We have a dedicated team focused on that, that we didn't have in prior years. And we have, as Raj said, been increasing our sales and marketing investment, and we do have focus in those teams on new customer acquisition. So last year was a good year, for certain. We began focusing on it again last year.

And I would expect that that focus continues into 2020 and does accelerate.

Gregg Moskowitz -- Mizuho Securities -- Analyst

Very helpful. Thank you.

Operator

Your next question comes from Shaul Eyal of Oppenheimer. Please go ahead. Your line is open.

Shaul Eyal -- Oppenheimer and Company -- Analyst

Thank you. Good afternoon, guys. Thank you for squeezing me in. Congrats on the ongoing performance and outlook.

Andre, can you talk to us about the length of the typical sales cycle as it relates to PingIntelligence? And also just a word about international versus domestic business during the quarter and as it relates to the fiscal '20 outlook. Thank you.

Andre Durand -- Chief Executive Officer

OK. I'm going to have Raj answer that second point. But with respect to sales cycles of API intelligence, we are, as we said, in early innings of that one. I guess we can start to model what that looks like right now.

But frankly, we've been so focused on making sure customers understand the product, that they have successful PoCs. And now the customers that are in production, we're looking to see that they're successful in what they have purchased from us, in detecting and blocking anomalies in their system and building visibility for API traffic. My sense, if I were going to project on this product into the future, this product is a little bit different than other products that we offer in identity management where integration is a prerequisite and a pretty significant prerequisite before customers see the value of the implementation. This is a product that goes in with a much lighter footprint, if you will.

We run agents to the side of the existing API gateways that companies are already running to manage their APIs. And as a result of that and as a result, I think of the fact that this is all about protecting APIs that we know are being attacked today, I suspect we are going to see a shorter sales cycle from kind of PoC and trial to ultimately purchase. As a result, as I said, of the attacks are coming, they're already on the APIs, number one. And number two, the integration model itself is enhanced by the fact that we've done all of this pre-integration work with all of the API management gateways out there.

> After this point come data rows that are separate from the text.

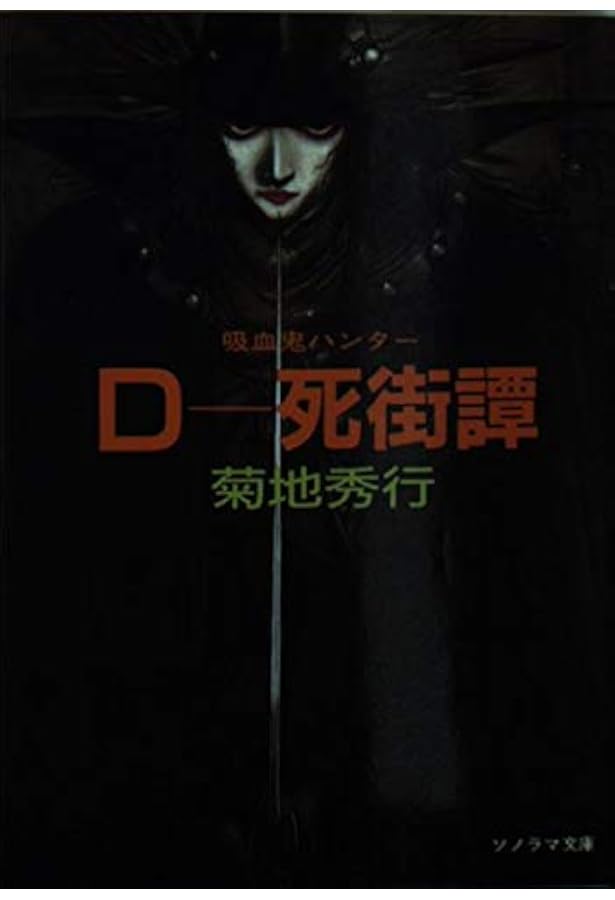 Amazon.co.jp: 吸血鬼ハンターD (ソノラマ文庫 225) : 菊地 秀行, 天野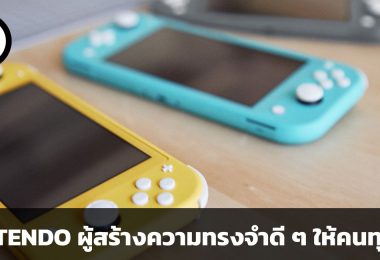 NINTENDO ผู้สร้างความทรงจำดี ๆ ให้คนทุกวัย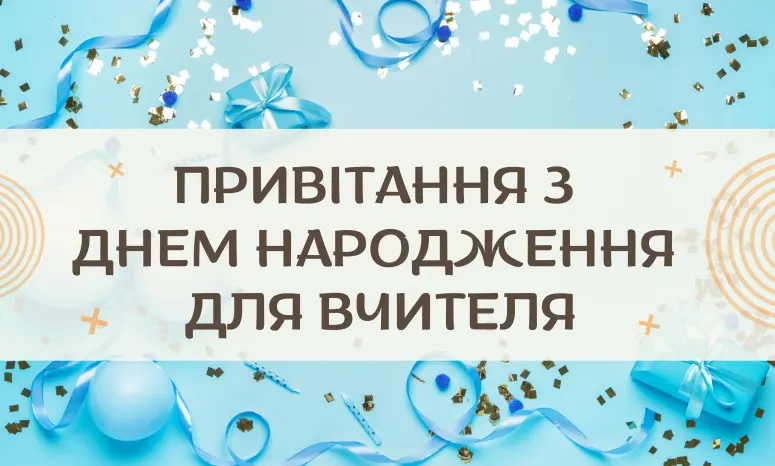 Синя картка привітання з конфетті та написом про день народження вчителю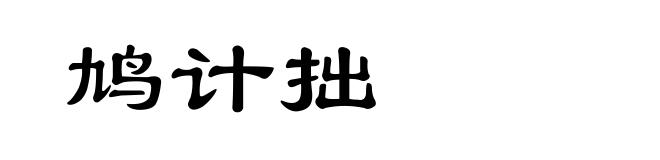 鸠计拙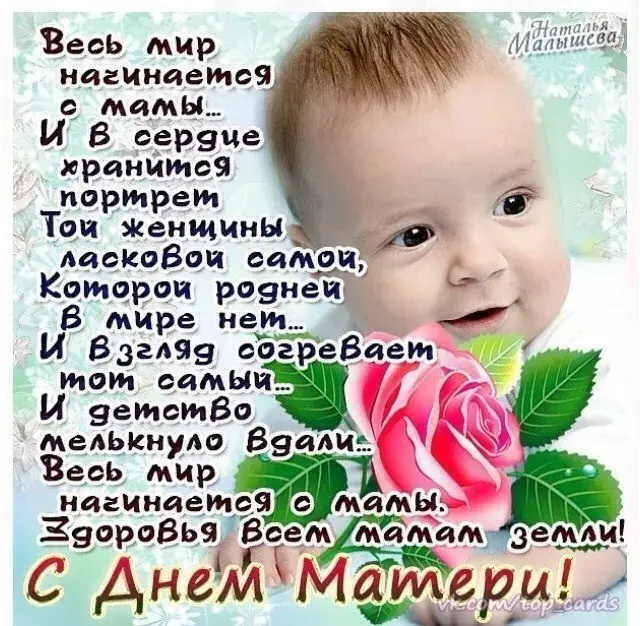 Открытка День матери - С Днем Матери! | Красивая открытка #83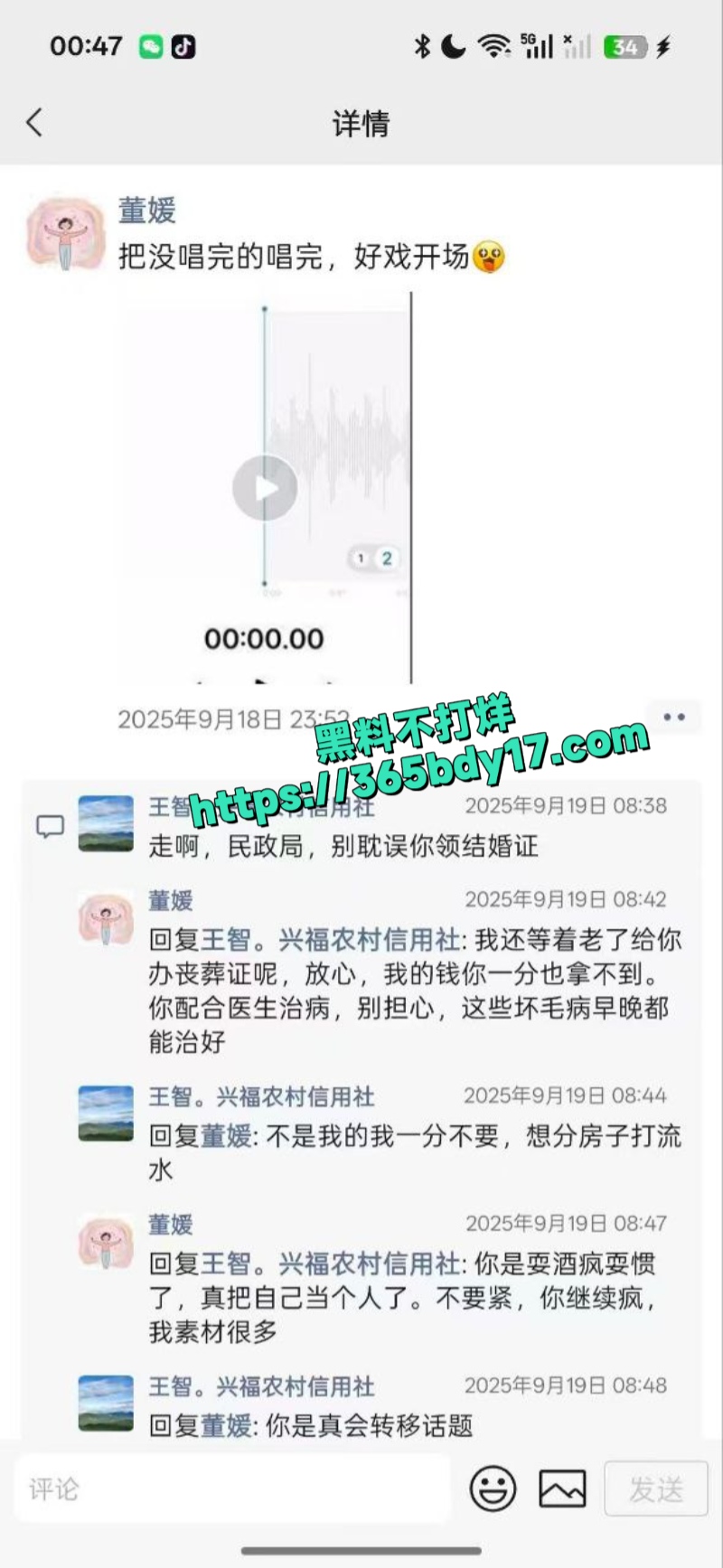 博兴县教师合唱团声音指导老师董媛被老公杀24
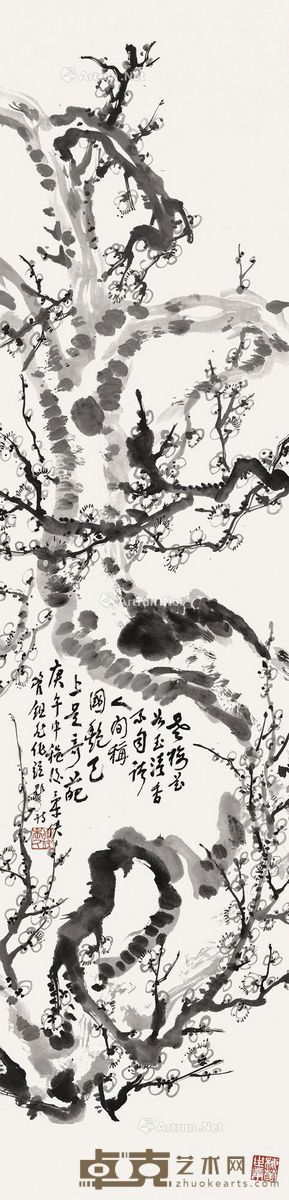 管锄非 梅花 137×33cm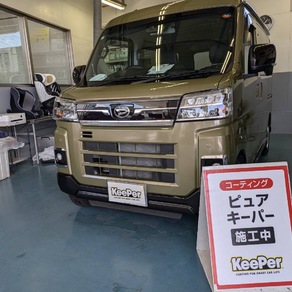 ダイハツ・アトレー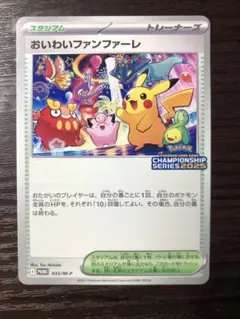 2026年最新】おいわいファンファーレ 2022の人気アイテム - メルカリ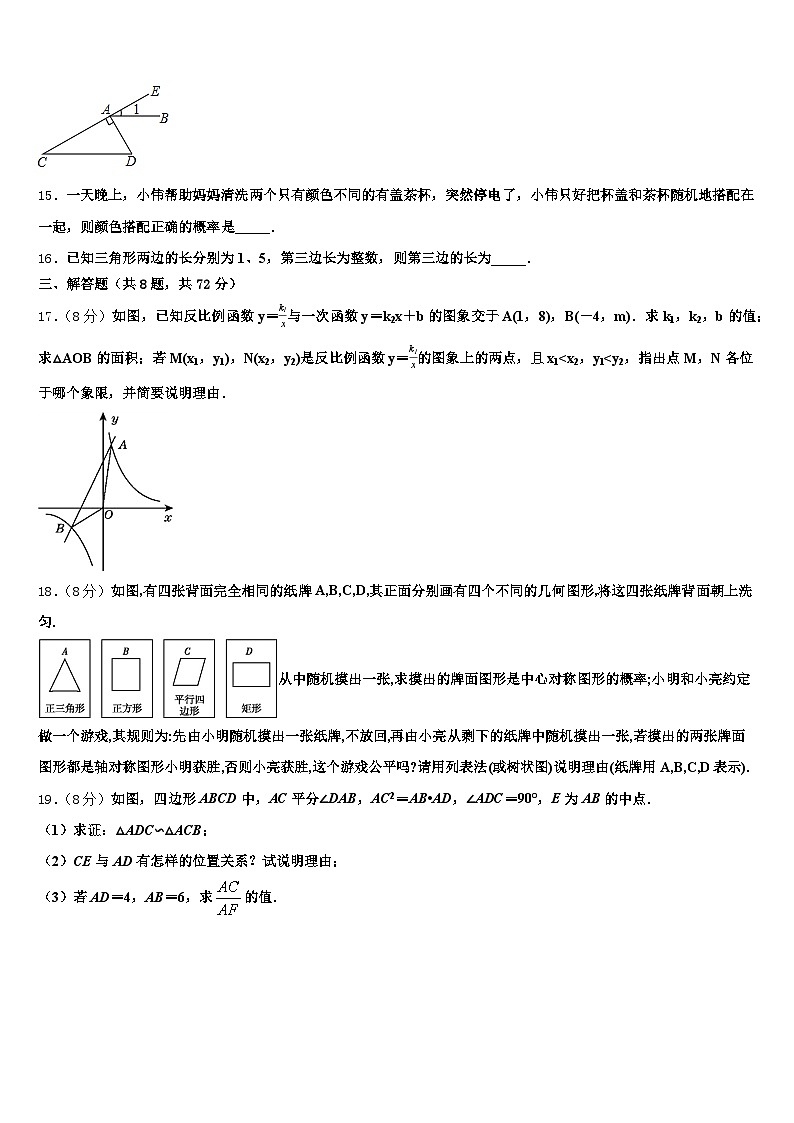 遂昌县2025年中考数学模拟试题含解析第3页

Shaul Eyal -- Oppenheimer and Company -- Analyst

Got it. And then what about international versus domestic?

Raj Dani -- Chief Financial Officer

Yes. I'll take that second question, Shaul. Basically, when we look at our investments over the last couple of years, we have expanded quite significantly in EMEA and ANZ in particular. We don't have direct exposure to Asia.

And I will say that our international ARR in those regions in EMEA and ANZ, where we focus, is growing faster than the overall rate of the business in North America. So it continues to be strong. From a GAAP revenue standpoint, we do disclose that. As you'll see in the 10-K, it's still just shy of about a quarter of our revenue.

And we continue to see strong demand, strong demand in EMEA and all our international regions where we operate.

Operator

Your last question comes from Gray Powell of BTIG. Please go ahead. Your line is open.

Gray Powell -- BTIG -- Analyst

Hi. Great. Thanks for coming in. I'll be quick.

Where do you think most enterprises are on the adoption curve with MFA? And then how should we think about the growth profile of that product category over the next 12 to 18 months relative to the rest of the identity stack?

Andre Durand -- Chief Executive Officer

I think we still have a long ways to go on MFA. We have had for some time an MFA everywhere campaign. It is a fact that passwords are the weak link in the security models of all of these enterprises. Putting MFA on everything is critical.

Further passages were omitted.